The business model of many internet-service companies is primarily build around your attention: they offer best-in-class services for free in exchange for the users’ eyeballs, i.e. them paying attention to the contents of the services they offer. They pay for their expenses and generate revenue by selling the attracted attention to companies and individuals who’d like to promote their content.

One of the upcoming frontiers in this battle for the user’s attention are mobile devices. Engagement is now defined by push-driven notifications rather than the traditional pull-driven experience.
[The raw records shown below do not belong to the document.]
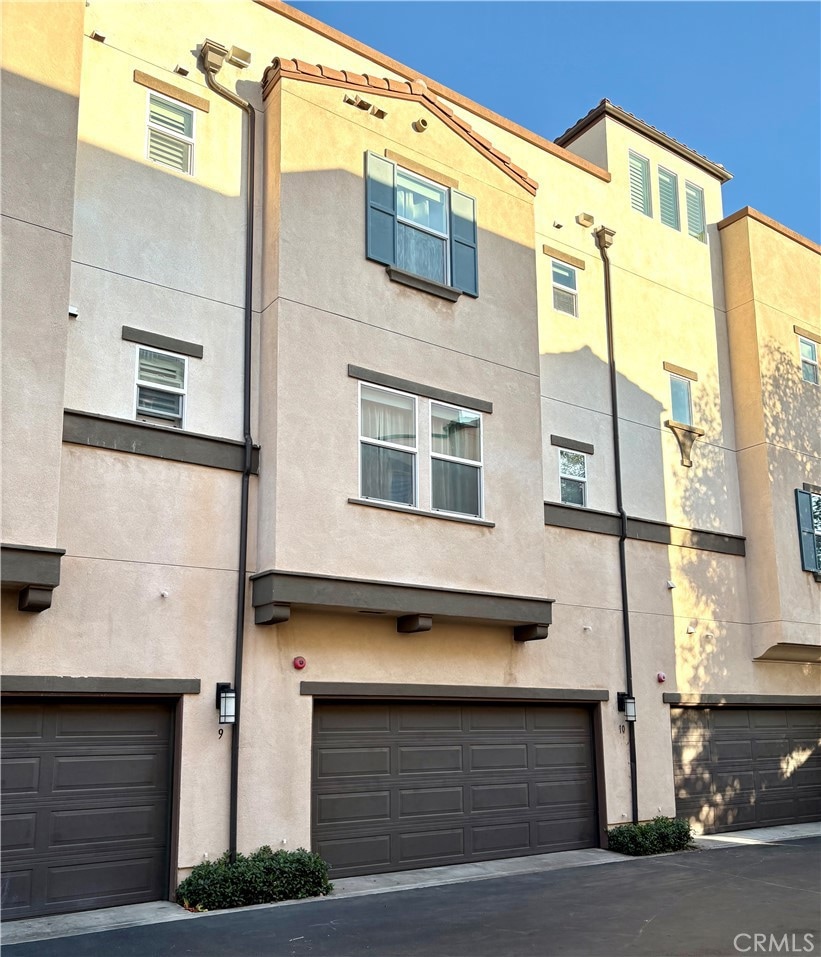 645 W Foothill Blvd unit 10, Glendora, CA 91741 - photo 1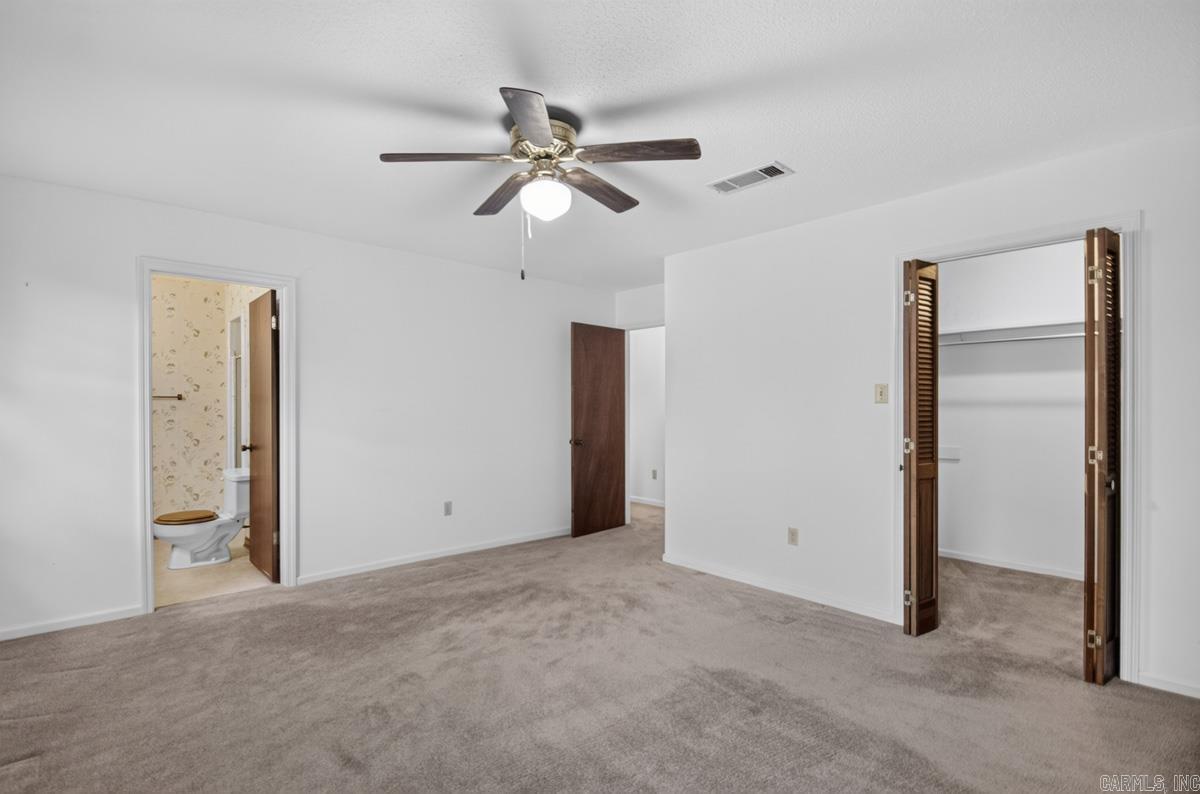EAST MEADOW - Residential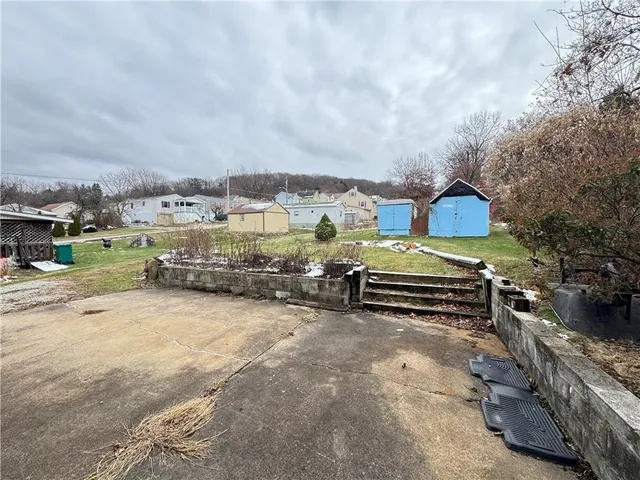 a view of a yard in front of the house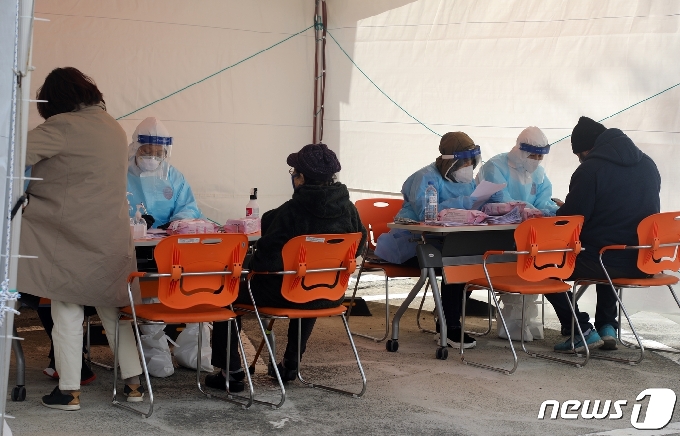 ‘김녕성당’발 신종 코로나바이러스 감염증(코로나19) 확진자가 11명 잇달아 발생한 16일 제주시 동부보건소에 설치된 선별진료소에서 검사를 받으려는 주민들의 발길이 이어졌다.2020.12.16 /뉴스1 © News1 홍수영 기자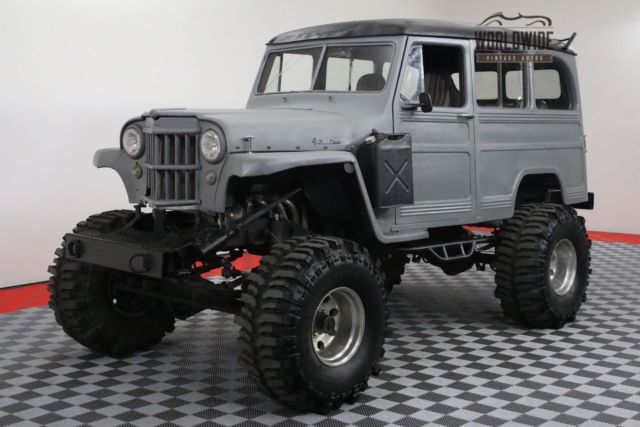 1954 Willys WAGONEER MONSTER TRUCK BOGGERS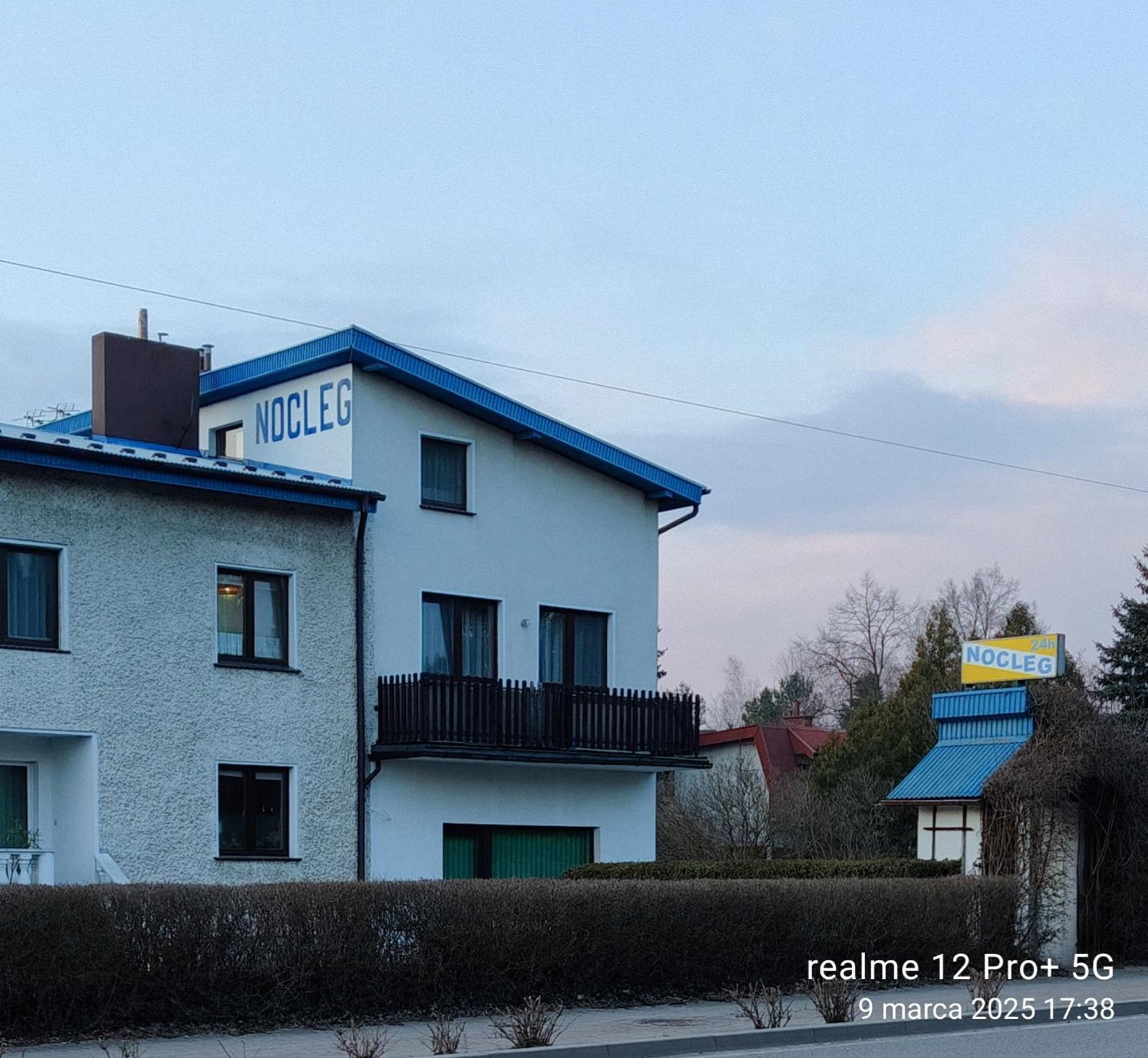 Uslugi Noclegowe I Gastronomiczne Dla Ludnosci Robert Mielcarek Kobyla Góra Exterior foto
Recommendations will become proactive and notifications will be one essential path to deliver them.

In this battle, we may be facing the tragedy of the commons: when individual companies behave rationally according to their self-interest by increasing their attempts to seek people’s attention, they behave contrary to the best interests of the whole group by depleting the attentional resources of the user and risk that people develop notification blindness (as an analogy to banner blindness).

Attention is not always scarce

However, attention is not always scarce. For example, when people are bored, attention is abundant, and people often turn to their phones to kill time.

In our recent research on When Attention is not Scarce – Detecting Boredom from Mobile Phone Usage, presented in September 2015 at the ACM International Joint Conference on Pervasive and Ubiquitous Computing, we showed that it is possible to detect phases of boredom from how people use their mobile phones. As part of the same research project, we showed that people are more likely to engage with suggested content when they are bored, as inferred by the detection algorithm.

Boredom-Triggered Proactive Recommendations

This finding opens the door to using boredom as a content-independent trigger for proactive recommendations. Assuming that proactive recommendations delivered via mobile phone notifications will become more common in the future, using boredom as trigger will benefit service providers as well as the end users:
End users will receive fewer recommendations that are triggered during times when they are busy. Service providers can use it to reduce the fraction of unsuccessful recommendations, which, for example, decreases the likelihood that users develop notification blindness towards proactive recommendations.

The results will be presented at the Workshop: Smarttention, Please! Intelligent Attention Management on Mobile Devices — Workshop @ MobileHCI ’15: ACM International Conference on Human-Computer Interaction with Mobile Devices and Services, 2015 to be held from Aug 24 – 27 in Copenhagen, Denmark.

Boredom-Triggered Proactive Recommendations.
Martin Pielot, Linas Baltrunas, and Nuria Oliver.
Smarttention, Please! Intelligent Attention Management on Mobile Devices — Workshop @ MobileHCI, 2015.